[[ EXERCISE DATA, beginning ]]
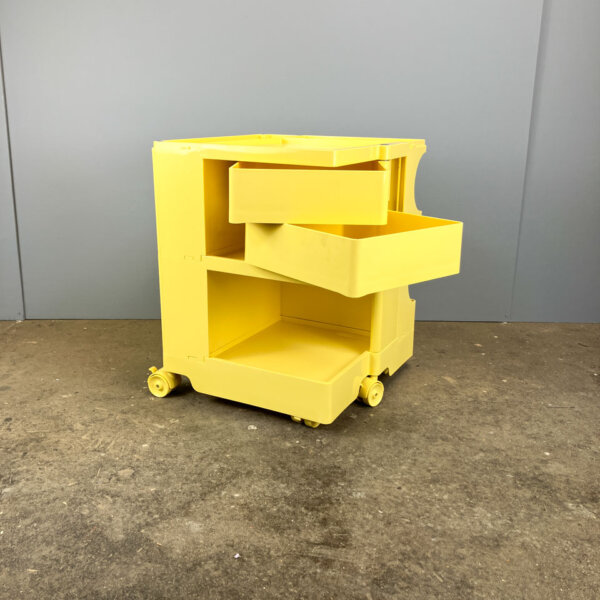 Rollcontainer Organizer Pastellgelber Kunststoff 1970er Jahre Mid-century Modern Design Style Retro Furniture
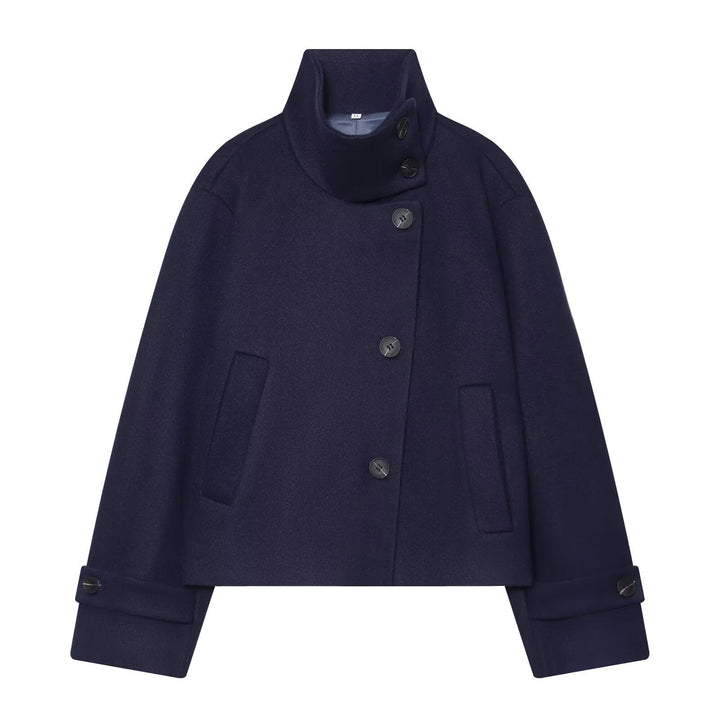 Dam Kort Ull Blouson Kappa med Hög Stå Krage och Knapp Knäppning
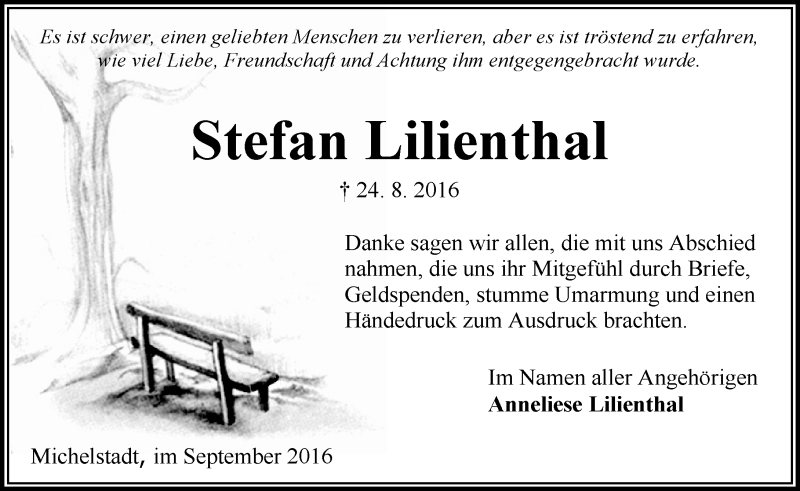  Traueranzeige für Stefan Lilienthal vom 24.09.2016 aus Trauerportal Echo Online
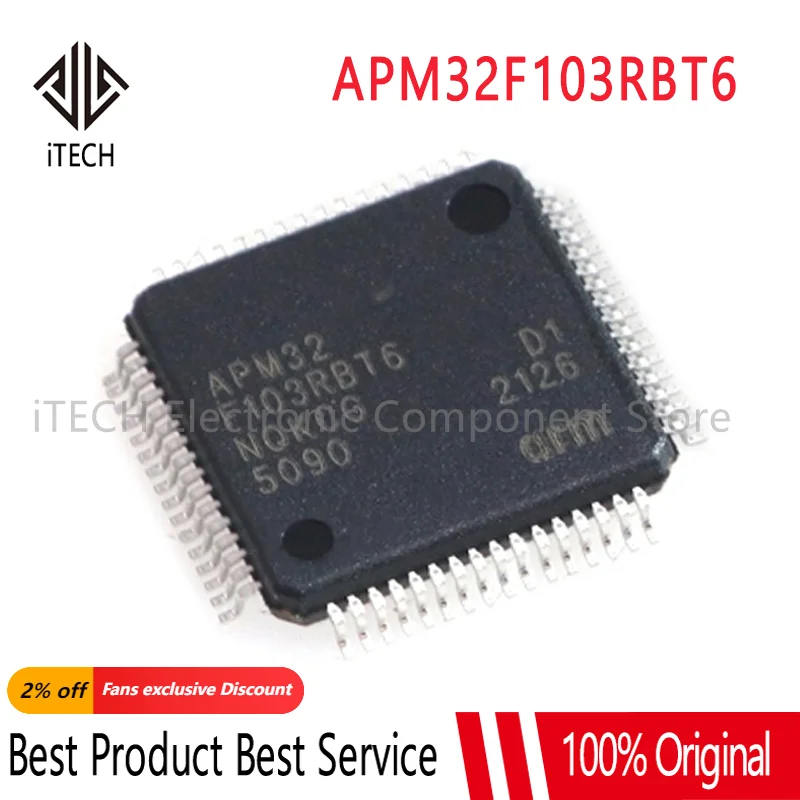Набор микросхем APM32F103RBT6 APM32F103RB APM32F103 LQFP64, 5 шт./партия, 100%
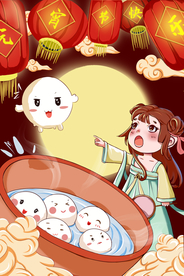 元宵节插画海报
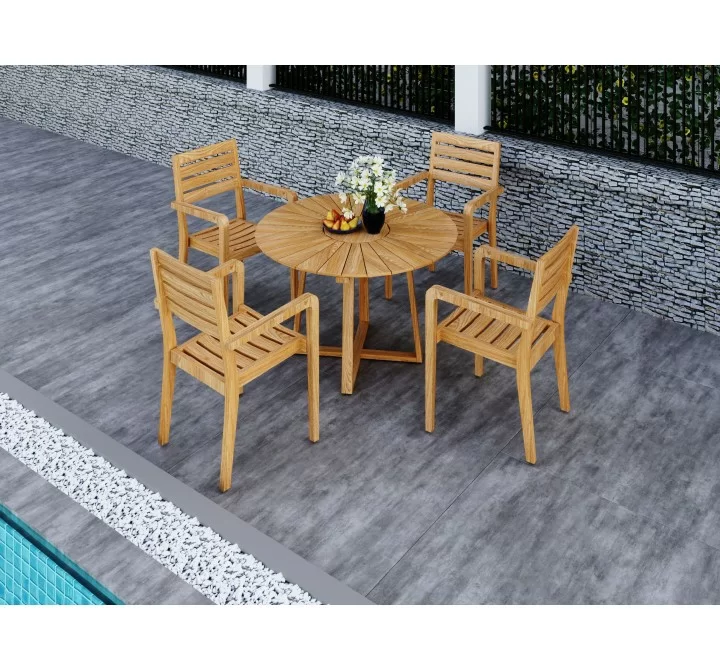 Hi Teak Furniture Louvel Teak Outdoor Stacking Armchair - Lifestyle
[[ EXERCISE DATA, end ]]
[[ EXERCISE DATA, beginning ]]
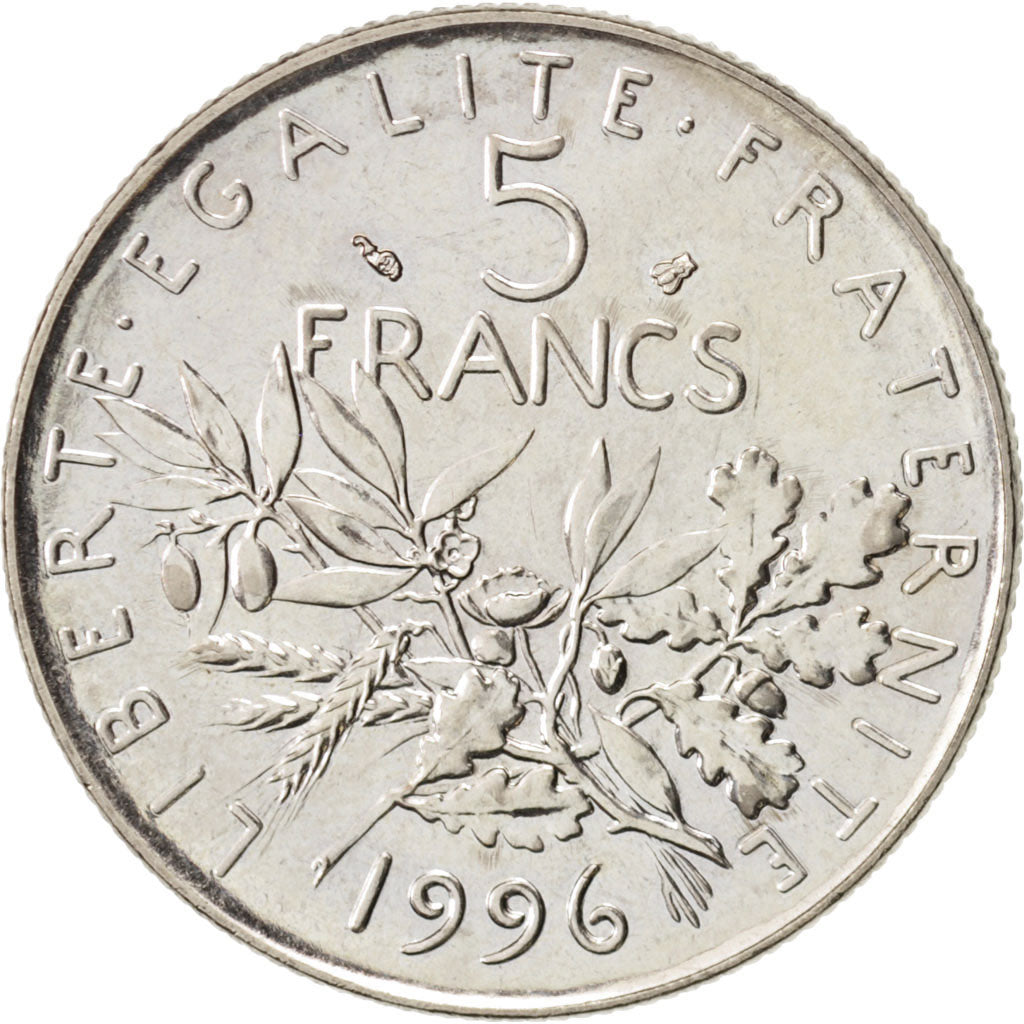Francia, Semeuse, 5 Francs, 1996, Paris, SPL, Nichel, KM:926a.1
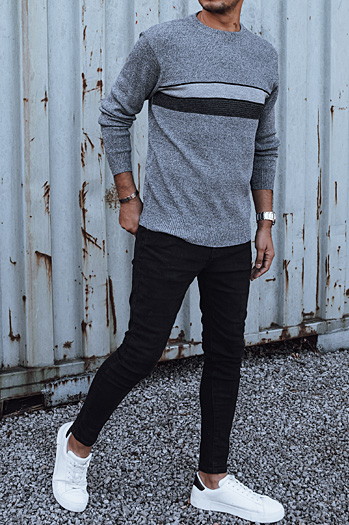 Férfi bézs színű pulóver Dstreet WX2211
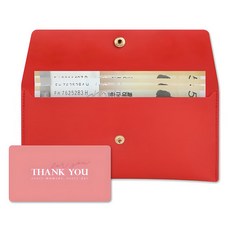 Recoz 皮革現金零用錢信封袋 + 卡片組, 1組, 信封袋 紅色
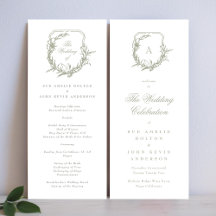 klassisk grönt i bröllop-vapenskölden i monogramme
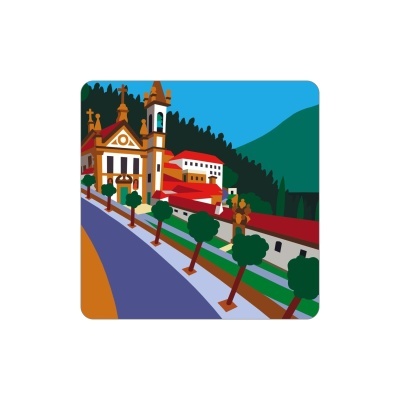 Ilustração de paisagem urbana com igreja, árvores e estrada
[[ EXERCISE DATA, end ]]
[[ EXERCISE DATA, beginning ]]
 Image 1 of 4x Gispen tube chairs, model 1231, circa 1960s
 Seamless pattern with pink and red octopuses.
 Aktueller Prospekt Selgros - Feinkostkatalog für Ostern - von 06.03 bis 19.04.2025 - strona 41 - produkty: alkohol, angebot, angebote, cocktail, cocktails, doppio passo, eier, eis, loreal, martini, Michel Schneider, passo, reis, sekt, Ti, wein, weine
[[ EXERCISE DATA, end ]]
- _WHAT YOU NEED TO DO_: Would you please reproduce the entries above, starting at the line with "Rollcontainer Organizer Pastellgelber" and stopping after the line with "Hi Teak Furniture"? Omit any pictures.

- _THE COMPLETED TASK_:
 Rollcontainer Organizer Pastellgelber Kunststoff 1970er Jahre Mid-century Modern Design Style Retro Furniture
 Dam Kort Ull Blouson Kappa med Hög Stå Krage och Knapp Knäppning
  Traueranzeige für Stefan Lilienthal vom 24.09.2016 aus Trauerportal Echo Online
Набор микросхем APM32F103RBT6 APM32F103RB APM32F103 LQFP64, 5 шт./партия, 100%
 元宵节插画海报
 Hi Teak Furniture Louvel Teak Outdoor Stacking Armchair - Lifestyle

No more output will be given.